Any advice on "lessening" the bonding? ; ) Or some type of training or modification that can lessen this behavior?

I love this bird massively , but the shrieking has started to make me angry, and I don't want to be angry!


----------



## lperry82 (Aug 2, 2010)

More toys or have you considered maybe another tiel


----------



## cricketsmom (Aug 8, 2011)

A 'tiel owner told me that once a young 'tiel bonds with you, it won't be as interested in bonding with another 'tiel. Any thoughts on this?

I will go toy shopping today!
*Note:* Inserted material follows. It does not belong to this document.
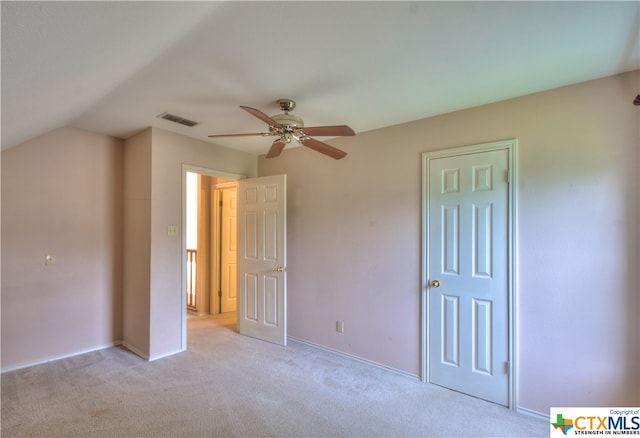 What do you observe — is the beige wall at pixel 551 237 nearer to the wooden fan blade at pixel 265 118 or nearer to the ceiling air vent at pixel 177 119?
the wooden fan blade at pixel 265 118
He hasn't had any new ones lately- I haven't found a store in my new neighborhood with a good selection...


----------



## lperry82 (Aug 2, 2010)

Nope that is NOT true all my tiels are tame and i have a few that is very tamed and one that is stuck to me like glue lol


----------



## cricketsmom (Aug 8, 2011)

I would seriously consider another 'tiel if I wasn't so worried I'd end up with TWO shriekers!  God forbid if the new bird picked up Cricket's habits! And what if it was another boy and they hated each other- or a girl and they had babies!


----------



## munnith (Aug 28, 2011)

well there's 2 options. like Iperry 82 said more toys or another tiel. im sure they will be fine.


----------



## pep4uk (Aug 30, 2011)

Lol cricketsmum you made me laugh so much on your last comment above, i just couldnt stop,ur so funny with the comments above,
But i really hope you get it sorted hun,fingers crossed for u hun, xx


----------



## jaw2004 (Sep 17, 2011)

Our first tiel, Athena, came from a home with several tame tiels. She bonded to my husband, but got to the point she was shrieking all the time whenever she heard any voices coming from another room. It progressed to to the point she was pulling out her feathers to the point of bleeding. 

We got a second tiel, and kept them in separate cages for the first 2-3 months, but the shrieking stopped almost immediately. After a few months, we placed them in the cage together and they've done lovely for 5 years. The first is still very tame and will shriek if she really wants our attention, but she's much more settled with a companion and no more plucking. 

This year is the first year they have had babies.... and they have been wonderful parents!

Jane


----------